From Africa Metro comes the story of Pastor — well, presumably “Imam,” now — Salim Mikdad, whose 480-strong congregation turned up for services at his church in Rwanda last Tuesday, only to be informed the church was now a mosque and they were all converting to Islam.
If the story holds up — and let us take due care to note that news from some parts of the world is not always reliable, especially when it all seems to trace back to a single local media source — it would be the first such mass conversion in Rwanda.
Most news reports building from the Africa Metro piece describe this as a “forced” conversion, a characterization taken from the word of a single church member who said the flock “all turned up for a church service only to be forced to convert to Islam by their pastor.”
It is not clear what sort of force was involved, beyond Pastor Mikdad invoking his authority over the congregants to declare the change of religion.

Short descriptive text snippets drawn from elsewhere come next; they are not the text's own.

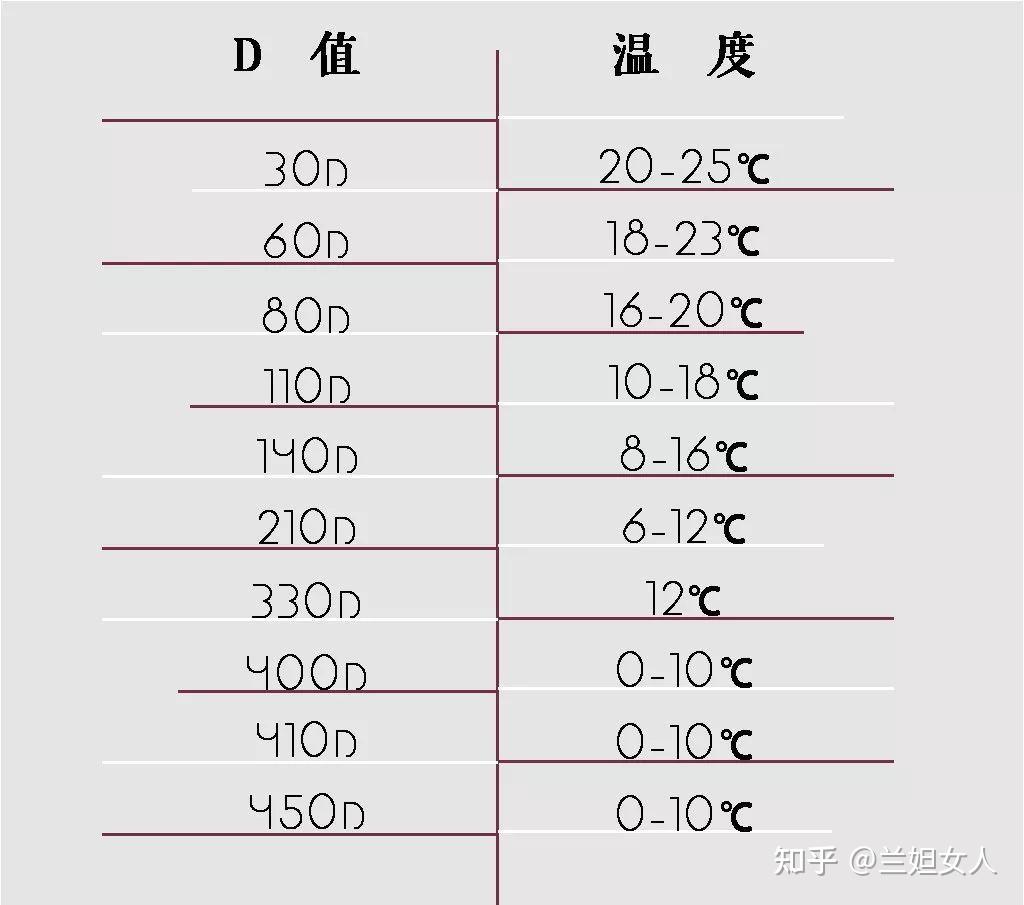 丝袜的厚度是根据"denier"来制定标准的,每一双丝袜的包装上都标注有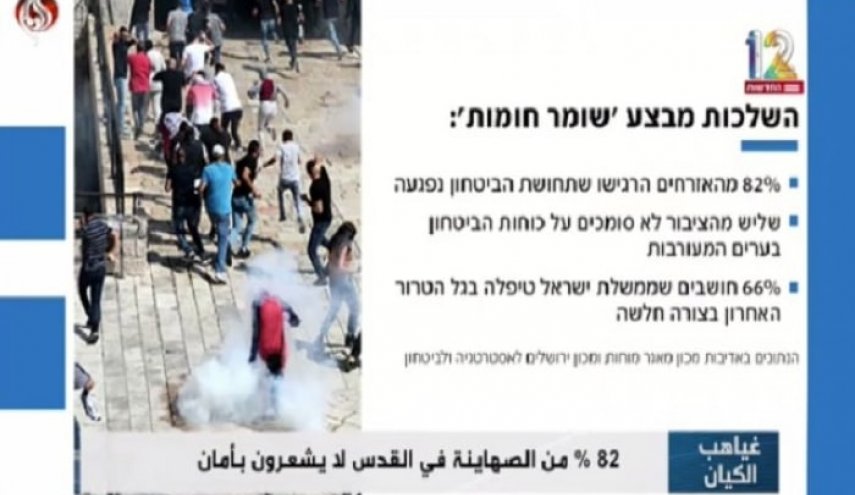82 درصد از صهیونیست‌ها در قدس احساس امنیت نمی کنند 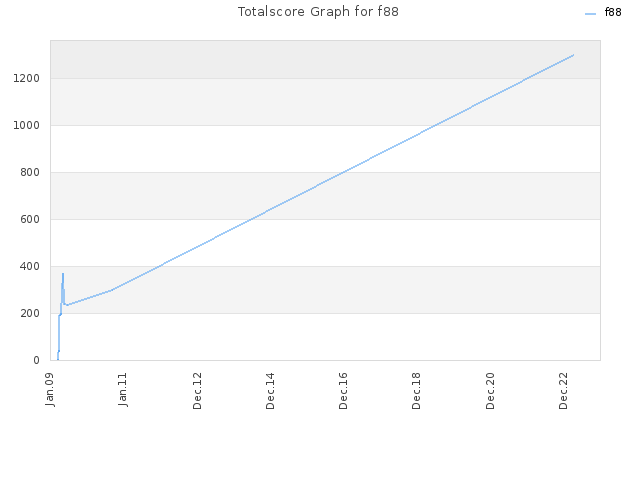 Totalscore Graph for f88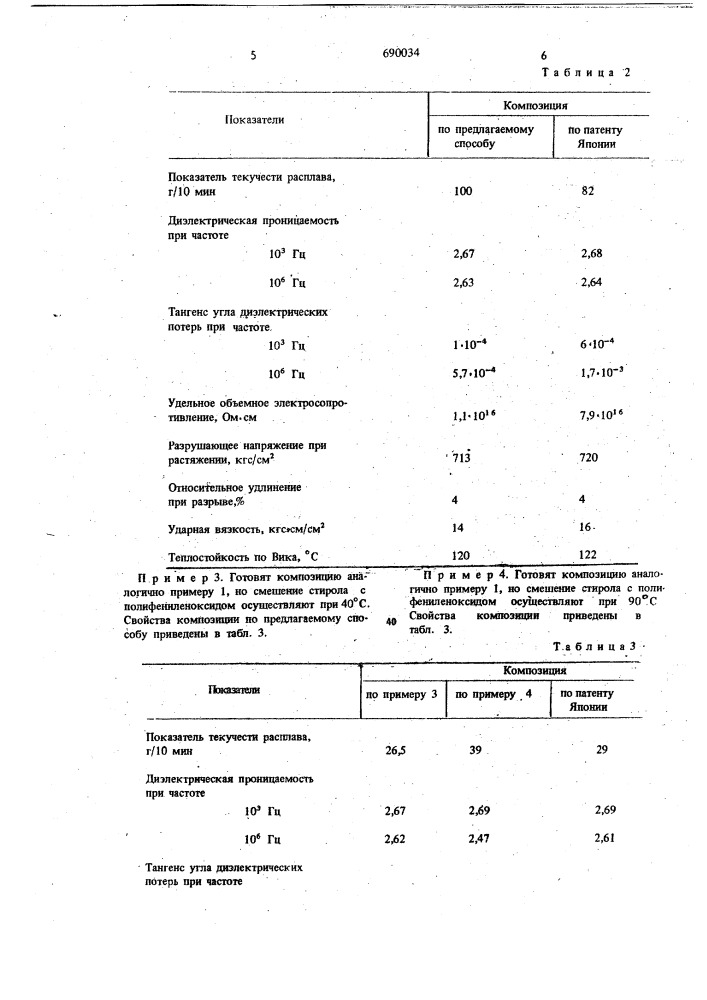 Способ получения термопластичной полимерной композиции (патент 690034)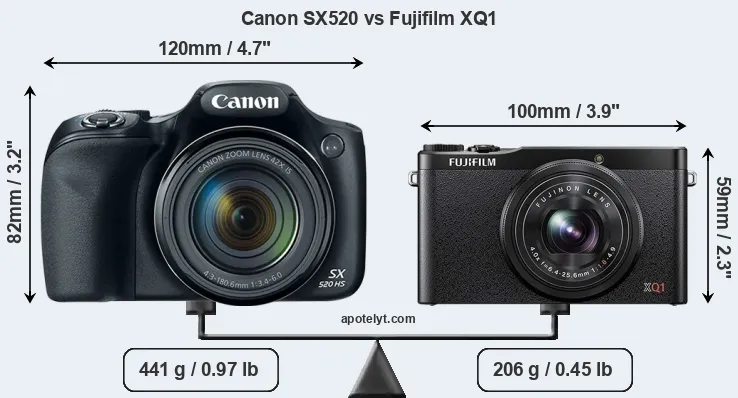 Size Canon SX520 vs Fujifilm XQ1
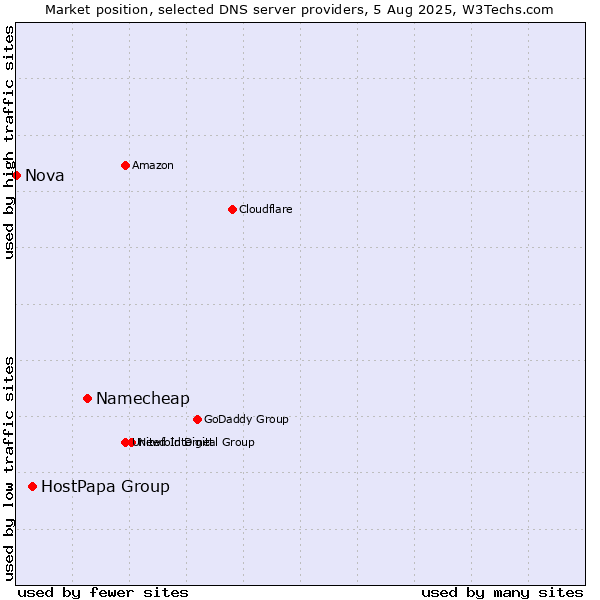 Market position of Namecheap vs. HostPapa Group vs. Nova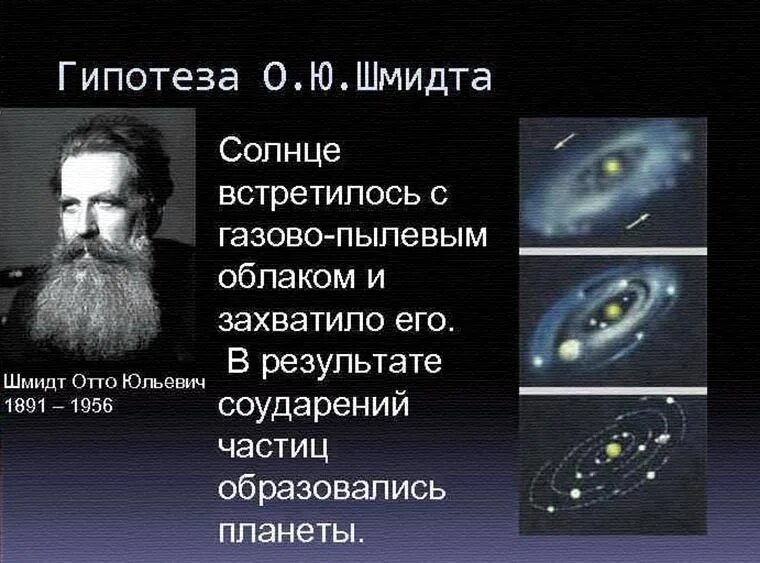 Отто Юльевич Шмидт гипотеза. Отто Юльевич Шмидт гипотеза возникновения земли. Отто Юльевич Шмидт солнце встретилось. Гипотезы о возникновении солнечной системы.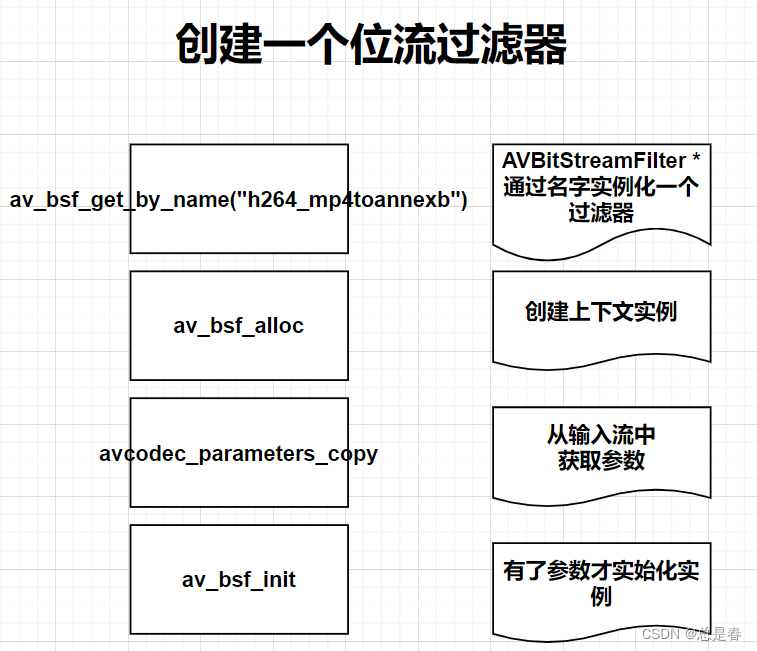 FFMPEG API H264 CSDN 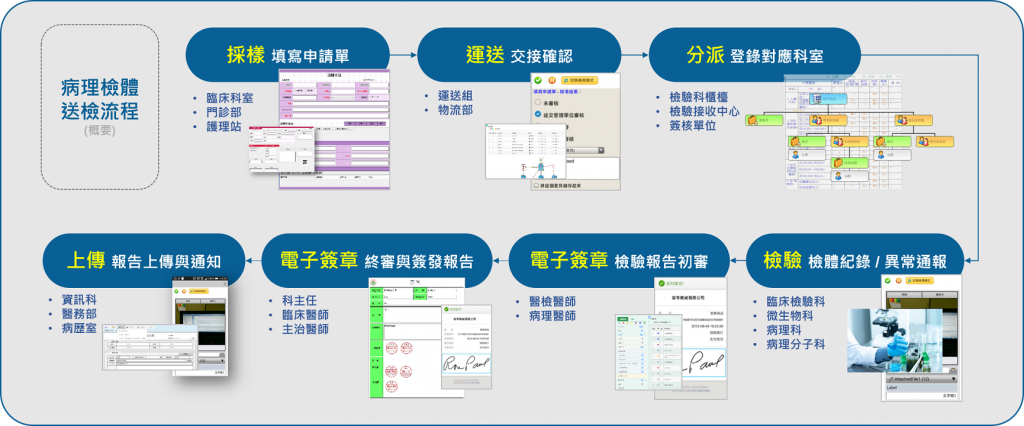 從檢體採樣、交接、分派到檢驗與報告簽發，透過 「Agentflow 企業流程管理系統」將每一步流程標準化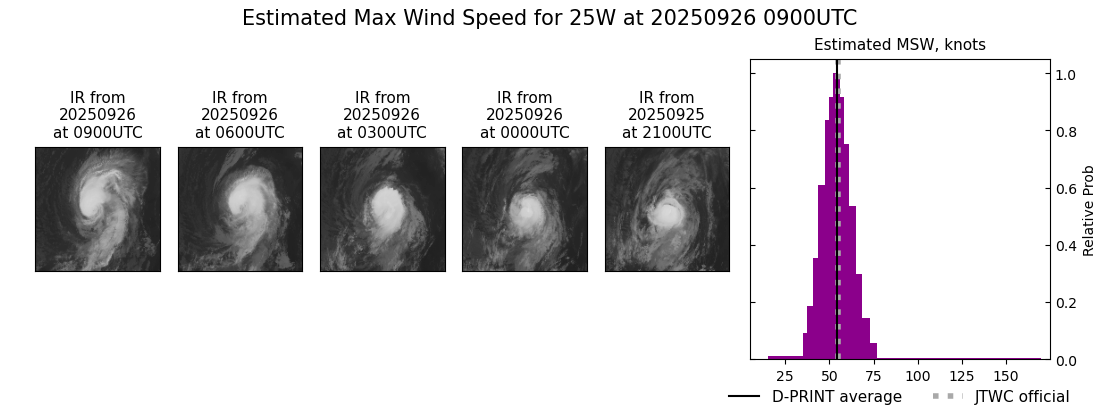 current 25W intensity image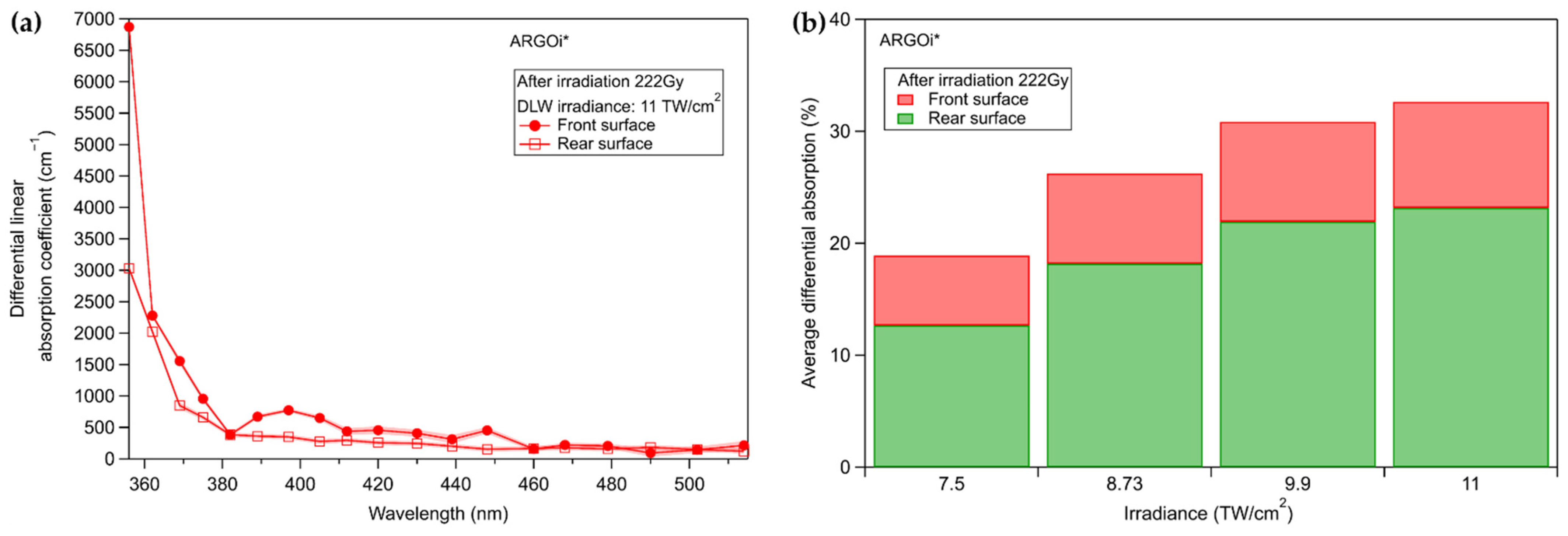 Chemosensors 10 00110 g009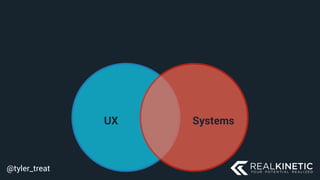 @tyler_treat
UX Systems
 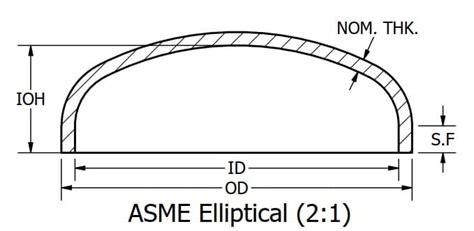 Asme Tank Heads Standard Tankhead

The report says an Islamic cleric “preached to Pastor Mikdad and succeeded in convincing him that Islam was the way to go, making him decide to switch faiths.”
According to Africa Metro, this conversion was made easier because there are still hard feelings in Rwanda about the local Catholic and Protestant churches “giving moral sanction” to the awful genocide of the 1990s, and “playing ethnic politics” between the warring Tutsi and Hutu tribes over the years.
The Muslim population in predominantly Catholic and Protestant Rwanda is said to be “rising,” but Africa Metro says it currently stands at only 4.6 percent, mostly Sunni.
That could be a misprint, as a 2002 Washington Post article on the rise of Islam in Rwanda estimated the number at 14 percent, while confirming the idea that many Rwandans turned to Islam “because of the role that some Catholic and Protestant leaders played in the genocide,” while local Muslim leaders and families were “being honored for protecting and hiding those who were fleeing.”